Catching up with cryptocurrency

(Francesco Mondello, CC BY-NC-SA)

Regulation is chasing production as governments try to formulate tax legislation regarding cryptocurrencies and the Polish government plans to do the same.

Production of a currency paper or precious metal has long been associated with national sovereignty. The problem national governments have is how to define and regulate the cryptocurrency that may prove to be a competitor to their own. Poland has clarified its tax regime regarding cryptocurrency. The goal is to simplify and clarify the procedures for reporting and payment of tax on cryptocurrency activities.

Definition problems

The draft legislation defines a virtual currency as a ‘digital representation of value’. To this end, virtual currencies are subdivided — a cryptocurrency and a centralized virtual currency Polish cryptocurrency website Kryptovaluty reports that virtual currencies can serve as a medium of exchange and a method of payment, can be stored, transferred or used in eCommerce.
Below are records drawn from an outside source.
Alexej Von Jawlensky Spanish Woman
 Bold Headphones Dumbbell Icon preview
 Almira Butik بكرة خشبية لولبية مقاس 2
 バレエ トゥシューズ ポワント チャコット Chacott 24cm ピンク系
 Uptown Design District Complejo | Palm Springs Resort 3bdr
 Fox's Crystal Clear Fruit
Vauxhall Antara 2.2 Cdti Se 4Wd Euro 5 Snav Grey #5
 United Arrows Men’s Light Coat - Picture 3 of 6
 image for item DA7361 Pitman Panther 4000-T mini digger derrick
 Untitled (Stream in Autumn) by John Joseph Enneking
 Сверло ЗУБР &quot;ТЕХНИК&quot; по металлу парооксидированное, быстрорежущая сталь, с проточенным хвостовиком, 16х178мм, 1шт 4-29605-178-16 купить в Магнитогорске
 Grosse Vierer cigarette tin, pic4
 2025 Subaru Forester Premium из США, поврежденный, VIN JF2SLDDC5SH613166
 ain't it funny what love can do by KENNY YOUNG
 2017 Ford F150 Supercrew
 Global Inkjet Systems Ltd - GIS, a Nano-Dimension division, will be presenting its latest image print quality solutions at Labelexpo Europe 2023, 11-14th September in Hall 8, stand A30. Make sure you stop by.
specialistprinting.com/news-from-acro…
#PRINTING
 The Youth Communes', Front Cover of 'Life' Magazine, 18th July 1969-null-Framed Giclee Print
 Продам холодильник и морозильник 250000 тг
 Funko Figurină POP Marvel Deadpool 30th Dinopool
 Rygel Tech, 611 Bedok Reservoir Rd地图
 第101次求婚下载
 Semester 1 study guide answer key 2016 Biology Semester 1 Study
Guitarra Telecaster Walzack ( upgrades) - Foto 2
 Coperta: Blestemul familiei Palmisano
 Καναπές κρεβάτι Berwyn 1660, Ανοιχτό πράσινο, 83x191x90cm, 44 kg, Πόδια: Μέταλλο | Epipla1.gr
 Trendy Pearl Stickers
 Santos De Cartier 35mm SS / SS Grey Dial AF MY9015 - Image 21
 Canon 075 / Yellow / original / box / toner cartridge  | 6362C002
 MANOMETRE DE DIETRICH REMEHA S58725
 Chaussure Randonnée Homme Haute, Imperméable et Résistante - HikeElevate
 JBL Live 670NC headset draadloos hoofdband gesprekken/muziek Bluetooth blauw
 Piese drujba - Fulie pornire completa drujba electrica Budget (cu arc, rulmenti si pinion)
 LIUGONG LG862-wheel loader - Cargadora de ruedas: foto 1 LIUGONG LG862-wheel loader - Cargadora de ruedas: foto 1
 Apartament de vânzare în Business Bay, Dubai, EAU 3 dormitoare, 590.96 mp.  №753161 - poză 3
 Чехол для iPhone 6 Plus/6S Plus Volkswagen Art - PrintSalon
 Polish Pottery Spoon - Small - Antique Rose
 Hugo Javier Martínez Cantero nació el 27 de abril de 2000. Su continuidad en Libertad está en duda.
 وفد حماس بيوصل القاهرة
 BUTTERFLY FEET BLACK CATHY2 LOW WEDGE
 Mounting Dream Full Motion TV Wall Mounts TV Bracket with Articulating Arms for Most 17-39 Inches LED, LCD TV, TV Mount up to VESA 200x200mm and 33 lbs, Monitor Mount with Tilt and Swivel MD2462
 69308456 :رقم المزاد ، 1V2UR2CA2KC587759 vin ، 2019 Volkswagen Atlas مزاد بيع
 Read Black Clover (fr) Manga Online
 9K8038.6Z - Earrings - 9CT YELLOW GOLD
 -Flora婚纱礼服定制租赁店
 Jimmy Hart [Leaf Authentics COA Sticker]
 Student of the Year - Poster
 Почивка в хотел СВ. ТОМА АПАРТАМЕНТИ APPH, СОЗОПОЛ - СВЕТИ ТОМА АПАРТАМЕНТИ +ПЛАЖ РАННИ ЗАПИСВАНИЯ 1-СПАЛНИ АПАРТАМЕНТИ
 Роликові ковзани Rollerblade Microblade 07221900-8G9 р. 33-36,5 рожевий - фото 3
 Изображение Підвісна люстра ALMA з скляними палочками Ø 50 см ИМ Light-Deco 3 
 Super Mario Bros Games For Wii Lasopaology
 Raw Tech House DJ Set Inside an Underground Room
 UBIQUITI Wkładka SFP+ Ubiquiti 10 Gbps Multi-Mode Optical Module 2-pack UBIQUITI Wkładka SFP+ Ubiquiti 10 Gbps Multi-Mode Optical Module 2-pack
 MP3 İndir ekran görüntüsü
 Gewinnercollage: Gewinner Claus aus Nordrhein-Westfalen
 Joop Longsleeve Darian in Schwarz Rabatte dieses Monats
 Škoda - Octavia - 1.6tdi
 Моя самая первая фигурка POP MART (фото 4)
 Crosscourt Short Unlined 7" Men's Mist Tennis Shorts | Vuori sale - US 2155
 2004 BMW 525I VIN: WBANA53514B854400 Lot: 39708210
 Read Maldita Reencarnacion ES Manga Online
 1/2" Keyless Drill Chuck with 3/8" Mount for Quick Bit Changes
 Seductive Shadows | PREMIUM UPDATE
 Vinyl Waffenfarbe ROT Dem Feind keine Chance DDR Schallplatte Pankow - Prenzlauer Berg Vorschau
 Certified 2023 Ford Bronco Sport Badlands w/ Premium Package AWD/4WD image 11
By contrast to previous intentions to tax all transactions whether profitable or not, taxable income is defined as the proceeds from virtual currency transactions of individuals and businesses. This includes proceeds from sales of currencies on other trading platforms and “over-the-counter” deals. Income from sale of goods, services and property from cryptocurrency will also be regarded as capital gains revenues, thus taxed at the 19 per cent rate. Exchange between cryptocurrencies is excluded from taxation.

Cryptocurrency miners (the computer-based process by which cryptocurrencies are generated) will be taxed on profits but the tax base will be defined by the nature of their economic activity. If they are self-employed only sales profits will be taxed. If they are employed then they will pay tax on their salaries or remunerations. If they choose to convert to a fiat currency before payment then the entire amount will be treated as revenue and taxed on the total.

The annual tax return will be used to settle accounts. Cryptocurrency operators will not be required to pay tax in advance. Currently, the progressive tax system has two rates 18 per cent for incomes up to EUR20,000, and a higher rate of 32 per cent for those earning above this level.

Gazette.com reported on the Polish government’s reluctance to embrace the cryptocurrencies and the stance of the banking sector was generally negative, culminating in June 2018 with a formal complaint against 15 financial institutions by the Polish Bitcoin Association (PBS).

The latest legislation is partly to reassure investors about the future of the crypto currency amid criticism from the community. In March 2018, Poland has introduced general regulations concerning cryptocurrencies. All transactions in this area have to be reported to the General Inspector of Financial Information (GIFI), which is a department at the Ministry of finance. The GIFI’s tasks are acquiring, collecting, processing and analyzing information, and undertaking relevant actions aimed at counteracting money laundering and terrorist financing.

Is the Bubble about to Burst?

At least one publication is not enchanted with the Bitcoin phenomenon. The British weekly, The Economist in its September 1st, issue is decidedly cool. It noted the fall in the USD value of the cryptocurrency from a peak USD19,000 at the end of 2017 to USD7,000 at the time pf publication. Its rivals, Ether, Litecoin and Monero are worth even less. Something that has been seen as having world changing potential may be seen today seen as a busted flush. The Economist argues that few vendors use the major cryptocurrency, security is poor and other cryptocurrencies are used even less, and it stated “there is little reason to think that cryptocurrencies will remain more than an overcomplicated, untrustworthy casino”. In contrast to the thought of countries such as the Baltics, the publication continues, the cryptocurrencies “satisfy none of the classical definitions of money, as a medium of exchange, store of value or unit of account”. The Hype is starting to cool but perhaps reality moves faster still.

Allied to the often astronomical electricity costs as individual miners rack up bills on what is essentially a hobby activity, or those incurred by some Central Asian states that have built huge dedicated cryptocurrency generating centers, The Economist seems to suggest it is already yesterday’s “Next Big Thing”.

However, cryptocurrencies seem to stay and it is probably reasonably to assume that phenomena touted as game changer is usually subject to the same economic rules as the previous game-changing technology, and of course subject to taxation.